_Problem description_. From the line containing "a wooden dresser" to the end of the data, retype every line exactly and nothing else. Drop the pictures.

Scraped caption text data
------

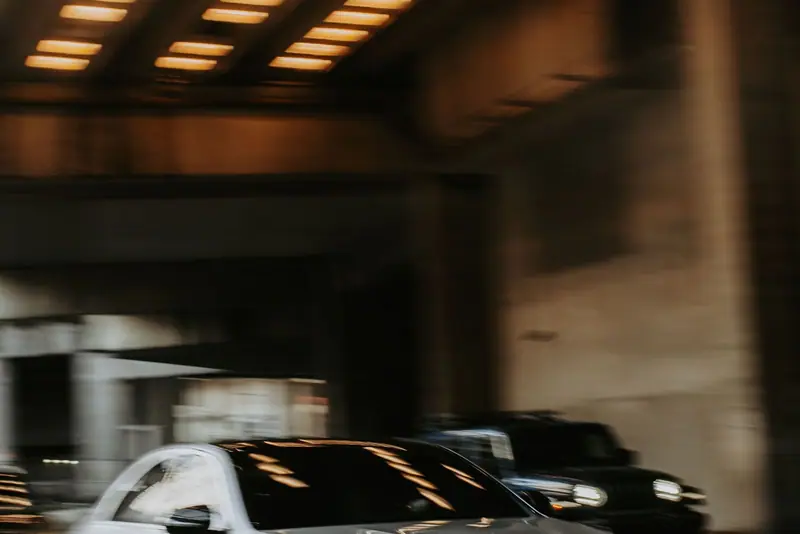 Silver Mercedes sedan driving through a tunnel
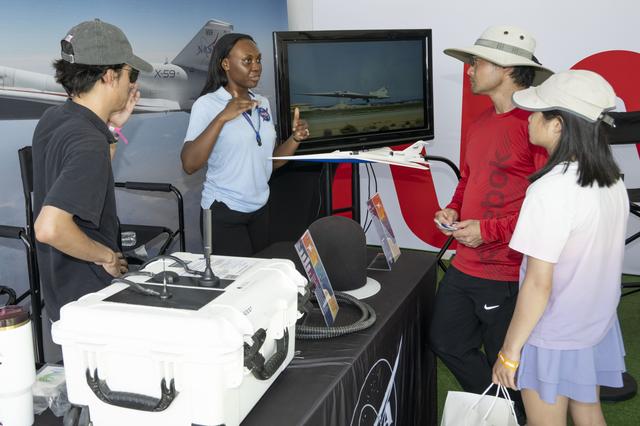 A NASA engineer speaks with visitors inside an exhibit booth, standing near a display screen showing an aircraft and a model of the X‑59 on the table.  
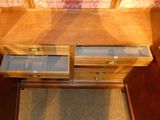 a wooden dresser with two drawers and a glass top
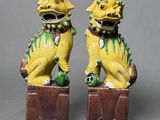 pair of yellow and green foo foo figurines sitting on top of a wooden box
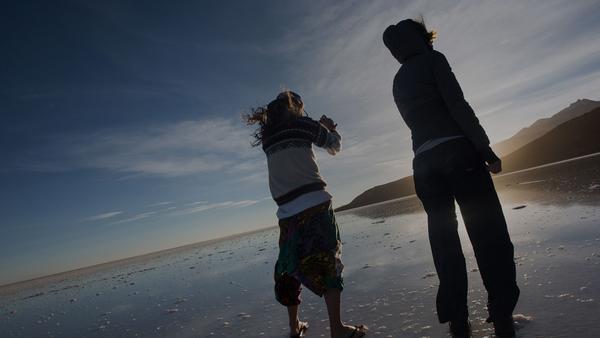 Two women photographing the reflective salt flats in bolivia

------

_Output of the task_.
 a wooden dresser with two drawers and a glass top
 pair of yellow and green foo foo figurines sitting on top of a wooden box
 Two women photographing the reflective salt flats in bolivia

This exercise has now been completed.